1) The first entry tells the system that a write is taking place and what it will do.

2) The second entry tells the system that we are committed to performing the write.

Cell storage: The normal file system that we expect. Contains data blocks, indirect blocks, inodes, bitmap blocks, etc.

If our system crashes, fsck is run to check/repair the file system. If fsck sees a write that we were committed to, but never finished, it will update the cell data so it was if the write was carried out.

Assumptions/requirements:

1) Replaying journal must be idempotent (same results when it is done multiple times)

2) What’s in the log:

BEGIN

CHANGE- planned changes

CHANGE

…

OUTCOME- either a commit or abort

END- all the changes are accomplished in cell storage

Cache in controller: It would be bad if writes were cached, then the system crashed. Possible solutions:
A) Don’t use the cache for writes

B) Use a nonvolatile cache (NVRAM): Memory that lasts even when the power is off

C) Use a capacitor to act as an emergency battery/UPS (Ugly Power Supply)

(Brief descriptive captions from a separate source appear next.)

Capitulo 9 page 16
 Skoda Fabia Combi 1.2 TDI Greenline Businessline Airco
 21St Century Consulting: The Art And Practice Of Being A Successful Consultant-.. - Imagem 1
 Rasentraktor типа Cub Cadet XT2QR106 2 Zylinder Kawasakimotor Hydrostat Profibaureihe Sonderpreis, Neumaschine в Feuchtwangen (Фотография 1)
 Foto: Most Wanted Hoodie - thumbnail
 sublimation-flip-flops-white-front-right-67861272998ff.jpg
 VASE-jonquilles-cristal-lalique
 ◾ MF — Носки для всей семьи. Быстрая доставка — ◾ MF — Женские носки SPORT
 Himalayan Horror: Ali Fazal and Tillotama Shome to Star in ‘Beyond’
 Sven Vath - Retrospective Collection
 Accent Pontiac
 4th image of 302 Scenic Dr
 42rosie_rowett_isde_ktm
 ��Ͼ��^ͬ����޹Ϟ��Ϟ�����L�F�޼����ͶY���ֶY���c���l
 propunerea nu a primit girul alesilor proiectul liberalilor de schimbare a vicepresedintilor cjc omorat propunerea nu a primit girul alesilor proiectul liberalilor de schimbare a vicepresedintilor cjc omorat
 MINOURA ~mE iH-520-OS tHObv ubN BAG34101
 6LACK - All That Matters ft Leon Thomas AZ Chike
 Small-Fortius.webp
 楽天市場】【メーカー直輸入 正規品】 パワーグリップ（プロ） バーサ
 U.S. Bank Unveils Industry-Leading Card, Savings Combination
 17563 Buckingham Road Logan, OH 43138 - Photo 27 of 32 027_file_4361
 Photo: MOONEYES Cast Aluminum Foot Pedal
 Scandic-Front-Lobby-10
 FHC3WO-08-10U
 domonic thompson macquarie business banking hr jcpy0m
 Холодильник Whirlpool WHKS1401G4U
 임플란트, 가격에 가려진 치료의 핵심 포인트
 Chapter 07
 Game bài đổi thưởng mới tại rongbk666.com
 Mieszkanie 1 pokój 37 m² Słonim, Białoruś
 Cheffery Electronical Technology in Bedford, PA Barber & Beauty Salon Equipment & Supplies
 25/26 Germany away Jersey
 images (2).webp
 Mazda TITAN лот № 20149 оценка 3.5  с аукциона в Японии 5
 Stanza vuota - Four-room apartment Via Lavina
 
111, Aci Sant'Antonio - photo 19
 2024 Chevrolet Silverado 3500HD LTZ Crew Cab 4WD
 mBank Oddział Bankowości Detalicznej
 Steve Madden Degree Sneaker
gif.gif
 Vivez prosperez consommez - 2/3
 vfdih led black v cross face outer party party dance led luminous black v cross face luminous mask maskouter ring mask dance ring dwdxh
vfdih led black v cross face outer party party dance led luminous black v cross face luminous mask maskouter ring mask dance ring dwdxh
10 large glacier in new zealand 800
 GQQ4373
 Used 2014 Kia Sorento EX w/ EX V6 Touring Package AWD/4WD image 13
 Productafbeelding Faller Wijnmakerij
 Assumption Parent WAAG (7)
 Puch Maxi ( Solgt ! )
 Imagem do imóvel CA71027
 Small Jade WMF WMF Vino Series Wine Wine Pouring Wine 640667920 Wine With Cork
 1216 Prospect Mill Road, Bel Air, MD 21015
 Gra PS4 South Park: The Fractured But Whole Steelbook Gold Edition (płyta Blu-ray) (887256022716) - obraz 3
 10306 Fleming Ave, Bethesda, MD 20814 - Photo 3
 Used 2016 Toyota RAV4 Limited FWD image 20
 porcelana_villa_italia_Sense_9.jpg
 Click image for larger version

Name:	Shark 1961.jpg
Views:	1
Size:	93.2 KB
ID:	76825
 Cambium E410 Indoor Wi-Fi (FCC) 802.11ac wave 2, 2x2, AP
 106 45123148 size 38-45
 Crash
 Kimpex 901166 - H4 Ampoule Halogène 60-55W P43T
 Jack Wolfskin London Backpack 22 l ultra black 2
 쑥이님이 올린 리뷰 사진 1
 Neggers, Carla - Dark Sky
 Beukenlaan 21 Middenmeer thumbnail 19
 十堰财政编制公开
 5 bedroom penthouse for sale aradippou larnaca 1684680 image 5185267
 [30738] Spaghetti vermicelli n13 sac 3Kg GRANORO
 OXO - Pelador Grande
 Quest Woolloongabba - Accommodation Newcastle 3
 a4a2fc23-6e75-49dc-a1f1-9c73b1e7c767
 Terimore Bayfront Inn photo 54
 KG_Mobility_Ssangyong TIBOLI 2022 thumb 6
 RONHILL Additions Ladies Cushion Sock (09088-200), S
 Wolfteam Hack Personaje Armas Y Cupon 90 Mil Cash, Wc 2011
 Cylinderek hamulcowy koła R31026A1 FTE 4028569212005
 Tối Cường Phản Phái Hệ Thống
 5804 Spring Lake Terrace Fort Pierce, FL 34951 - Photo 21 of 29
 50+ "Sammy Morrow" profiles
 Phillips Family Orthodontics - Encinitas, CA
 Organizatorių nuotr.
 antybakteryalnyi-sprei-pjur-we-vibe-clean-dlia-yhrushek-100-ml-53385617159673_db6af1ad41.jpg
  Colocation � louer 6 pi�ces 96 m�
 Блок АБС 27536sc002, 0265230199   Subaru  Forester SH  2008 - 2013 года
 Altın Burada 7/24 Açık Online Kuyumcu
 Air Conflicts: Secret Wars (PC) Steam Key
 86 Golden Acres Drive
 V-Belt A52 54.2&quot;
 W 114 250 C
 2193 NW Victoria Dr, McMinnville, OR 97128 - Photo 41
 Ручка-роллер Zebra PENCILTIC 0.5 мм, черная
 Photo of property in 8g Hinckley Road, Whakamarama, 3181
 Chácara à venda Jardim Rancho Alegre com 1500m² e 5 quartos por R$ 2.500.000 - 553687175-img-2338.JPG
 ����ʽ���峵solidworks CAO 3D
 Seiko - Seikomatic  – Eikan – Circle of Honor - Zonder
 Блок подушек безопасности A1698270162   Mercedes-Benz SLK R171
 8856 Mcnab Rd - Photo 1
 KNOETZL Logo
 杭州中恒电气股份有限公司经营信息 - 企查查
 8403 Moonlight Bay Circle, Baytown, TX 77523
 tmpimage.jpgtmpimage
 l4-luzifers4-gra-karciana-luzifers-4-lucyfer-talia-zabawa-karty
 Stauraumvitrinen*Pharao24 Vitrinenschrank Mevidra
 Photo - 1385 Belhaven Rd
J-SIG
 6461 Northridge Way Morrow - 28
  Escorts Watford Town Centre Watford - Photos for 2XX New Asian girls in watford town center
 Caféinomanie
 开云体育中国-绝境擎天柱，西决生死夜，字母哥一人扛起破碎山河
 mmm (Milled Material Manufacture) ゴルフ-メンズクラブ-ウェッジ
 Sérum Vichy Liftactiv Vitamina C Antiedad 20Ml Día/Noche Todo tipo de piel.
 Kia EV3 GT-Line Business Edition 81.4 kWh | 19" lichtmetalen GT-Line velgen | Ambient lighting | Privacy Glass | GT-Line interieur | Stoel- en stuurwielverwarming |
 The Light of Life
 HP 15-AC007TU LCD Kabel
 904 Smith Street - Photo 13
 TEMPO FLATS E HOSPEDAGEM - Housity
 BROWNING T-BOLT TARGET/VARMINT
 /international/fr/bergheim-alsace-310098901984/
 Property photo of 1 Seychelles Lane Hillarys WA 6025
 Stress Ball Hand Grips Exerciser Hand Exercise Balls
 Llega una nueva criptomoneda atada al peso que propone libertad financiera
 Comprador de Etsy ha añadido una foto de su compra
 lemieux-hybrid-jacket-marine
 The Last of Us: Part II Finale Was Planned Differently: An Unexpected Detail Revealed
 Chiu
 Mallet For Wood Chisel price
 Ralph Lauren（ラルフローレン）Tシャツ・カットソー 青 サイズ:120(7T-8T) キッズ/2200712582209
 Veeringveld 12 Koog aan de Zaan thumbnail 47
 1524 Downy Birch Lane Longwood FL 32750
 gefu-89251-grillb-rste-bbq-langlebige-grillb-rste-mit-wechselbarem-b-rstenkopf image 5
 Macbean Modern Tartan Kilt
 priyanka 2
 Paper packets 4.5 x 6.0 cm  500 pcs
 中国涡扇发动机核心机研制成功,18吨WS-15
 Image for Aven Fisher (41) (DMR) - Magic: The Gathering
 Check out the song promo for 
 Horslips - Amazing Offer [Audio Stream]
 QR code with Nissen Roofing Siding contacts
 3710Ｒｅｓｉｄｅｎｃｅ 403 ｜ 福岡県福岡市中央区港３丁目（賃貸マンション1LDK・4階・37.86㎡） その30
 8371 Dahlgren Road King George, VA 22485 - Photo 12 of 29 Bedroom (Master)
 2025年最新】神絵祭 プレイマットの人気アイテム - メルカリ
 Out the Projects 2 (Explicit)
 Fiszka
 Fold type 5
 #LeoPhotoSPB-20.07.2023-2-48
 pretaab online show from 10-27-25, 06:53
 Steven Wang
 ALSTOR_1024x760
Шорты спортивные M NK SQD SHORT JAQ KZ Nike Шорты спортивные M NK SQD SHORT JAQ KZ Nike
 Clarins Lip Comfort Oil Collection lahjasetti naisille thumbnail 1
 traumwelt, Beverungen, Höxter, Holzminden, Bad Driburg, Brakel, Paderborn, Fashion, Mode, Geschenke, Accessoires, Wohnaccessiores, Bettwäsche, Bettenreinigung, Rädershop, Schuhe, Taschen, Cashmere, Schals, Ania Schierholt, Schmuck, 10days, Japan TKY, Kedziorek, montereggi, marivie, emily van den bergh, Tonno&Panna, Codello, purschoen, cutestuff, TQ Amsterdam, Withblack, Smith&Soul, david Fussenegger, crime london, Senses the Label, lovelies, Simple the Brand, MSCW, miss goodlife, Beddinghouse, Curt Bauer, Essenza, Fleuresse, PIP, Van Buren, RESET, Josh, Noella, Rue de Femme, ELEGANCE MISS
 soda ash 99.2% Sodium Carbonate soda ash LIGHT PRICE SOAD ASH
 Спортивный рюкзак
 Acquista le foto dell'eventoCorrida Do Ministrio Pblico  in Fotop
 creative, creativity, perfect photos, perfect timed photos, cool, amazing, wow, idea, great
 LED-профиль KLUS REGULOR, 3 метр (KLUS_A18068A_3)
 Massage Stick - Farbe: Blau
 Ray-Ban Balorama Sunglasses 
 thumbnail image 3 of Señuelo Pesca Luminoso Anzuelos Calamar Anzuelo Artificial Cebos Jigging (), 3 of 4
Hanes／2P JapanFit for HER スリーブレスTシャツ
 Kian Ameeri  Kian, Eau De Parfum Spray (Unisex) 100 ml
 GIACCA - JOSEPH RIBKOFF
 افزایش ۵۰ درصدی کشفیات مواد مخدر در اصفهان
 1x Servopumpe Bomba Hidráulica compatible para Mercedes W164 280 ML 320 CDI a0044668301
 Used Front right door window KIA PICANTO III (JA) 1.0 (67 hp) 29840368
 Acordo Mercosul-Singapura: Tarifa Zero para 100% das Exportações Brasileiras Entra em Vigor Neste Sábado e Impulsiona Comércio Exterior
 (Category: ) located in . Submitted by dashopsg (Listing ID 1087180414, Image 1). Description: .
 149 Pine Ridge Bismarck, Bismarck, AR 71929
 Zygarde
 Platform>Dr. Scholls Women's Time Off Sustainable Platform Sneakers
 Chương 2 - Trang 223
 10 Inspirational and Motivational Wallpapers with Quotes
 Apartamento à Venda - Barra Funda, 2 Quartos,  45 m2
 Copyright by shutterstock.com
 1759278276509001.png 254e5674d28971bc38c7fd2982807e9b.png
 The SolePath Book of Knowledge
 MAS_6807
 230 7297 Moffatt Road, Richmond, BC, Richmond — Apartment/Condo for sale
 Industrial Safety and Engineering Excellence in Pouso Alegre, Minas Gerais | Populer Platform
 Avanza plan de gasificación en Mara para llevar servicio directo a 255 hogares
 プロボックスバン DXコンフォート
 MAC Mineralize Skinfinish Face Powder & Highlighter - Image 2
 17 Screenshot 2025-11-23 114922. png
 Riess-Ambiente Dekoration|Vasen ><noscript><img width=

D) A smart controller that knows about read/write ordering

Idea: Keep cell storage in RAM instead of disk. Since this takes up a lot of memory, we should only cache the parts we need (such as recent files)

-Pros: Writes will be faster.

-Cons: Reads will be slower. We will need a garbage collector since the journal will run out of space. The garbage collector has to be incremental (the garbage collects will have to take place as normal programs are running).

To implement a journal we can either use a write ahead log or a write behind log.

-Write ahead (Roll forward): The idea is that when the system crashes, we can still perform the writes we planned to do but weren’t able to. This is the idea that we have discussed so far.

1) Log all planned actions for a transaction

2) Commit

3) Install new values into database

If we run fsck with write ahead, the system will scan backwards through the journal looking for writes that we committed to, but were not carried out. Then it will do a second scan, going forward and applying the new values to the cell data.

-Write behind (Roll back): The idea is that when the system crashes, we restore the system back to its old state. We assume all cell data is persistent.

1) Log all old values

2) Install new values

3) Commit

If we run fsck with write ahead, the system will scan backwards through the journal looking for data that was installed but we did not commit to. We will undo these changes by installing the old data back. Note that this requires only 1 pass.

These ideas of write-ahead and write-behind can be mixed together.

RAID (Redundant Array of Inexpensive Disks) - This is the idea of using multiple hard drives to increase performance.

RAID 0: 2 hard drives connected to each other. Sets are striped, so that the data blocks alternate between the 2 disks.

Pros: Increased capacity, parallel I/O for faster performance

Cons: Less robust. Once a single disk fails, both disks fail since the data is mixed into both.

A1	A2
A3	A4
A5	A6
A7	A8

RAID 1: Mirroring: 2 hard drives connected to each other. Both drives contain the same data.

Pros: More robust. We have additional protection against crashes since the other disk acts as a backup. Increased read speed.

Cons: Slower write speed (we have to write to twice as many disks)

A1	A1
A2	A2
A3	A3
A4	A4